*** SOURCE MATERIAL Section Begins ***
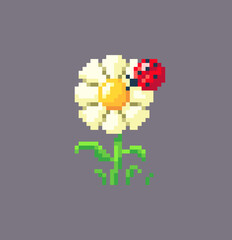 Pixel ladybug on blooming flower.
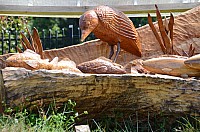 DSC_2765.JPG DSC_2765.JPG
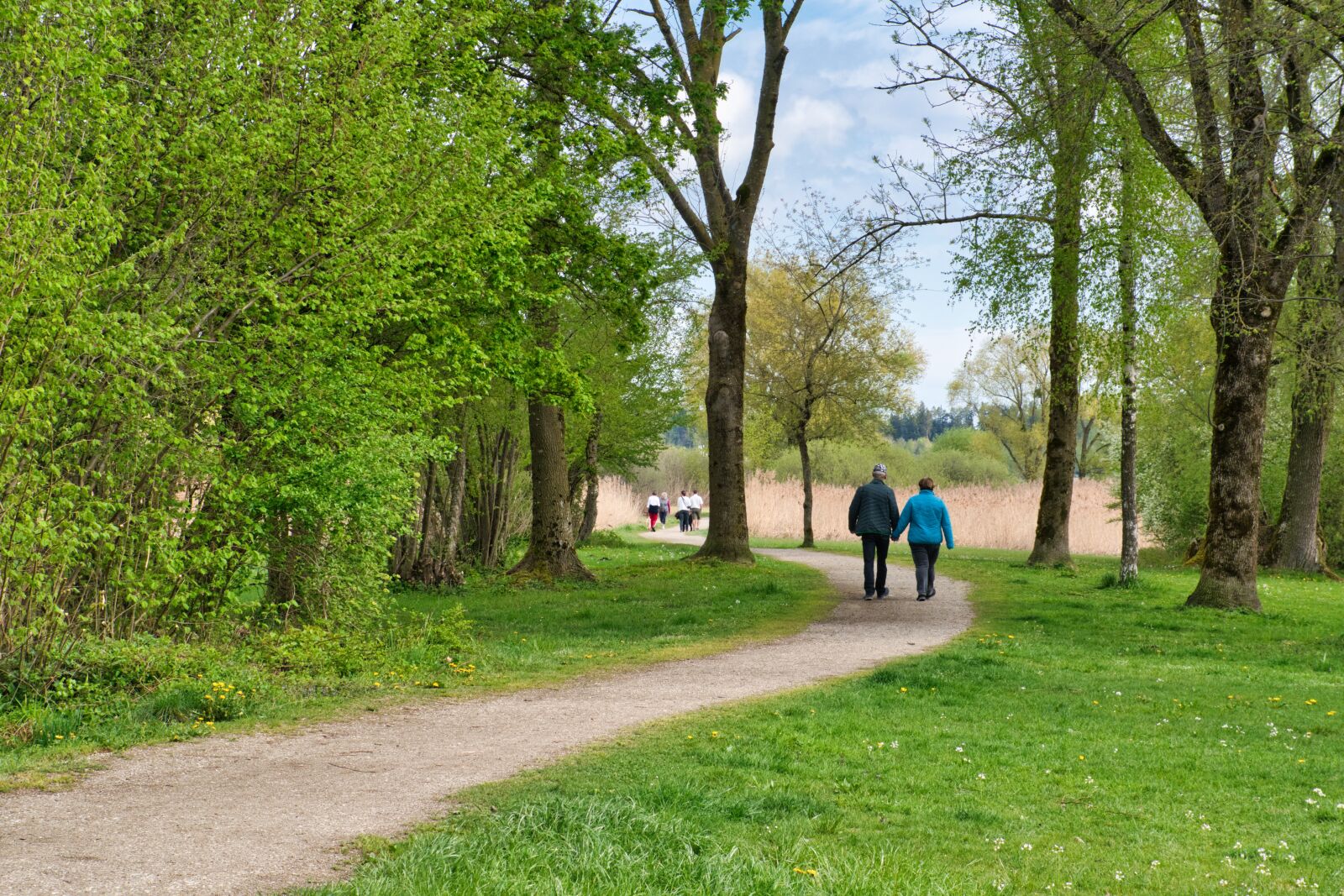 Nikon D7500 sample photo. Away, nature, spring photography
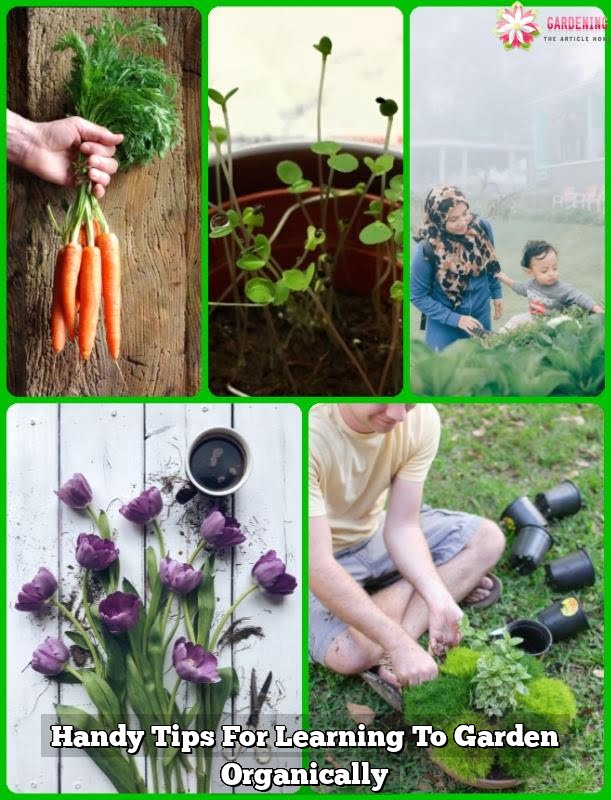 Handy Tips For Learning To Garden Organically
*** SOURCE MATERIAL Section Ends ***
Without including a single picture, restate all of the data word for word.

THE ANSWER:
 Pixel ladybug on blooming flower.
 DSC_2765.JPG DSC_2765.JPG
 Nikon D7500 sample photo. Away, nature, spring photography
 Handy Tips For Learning To Garden Organically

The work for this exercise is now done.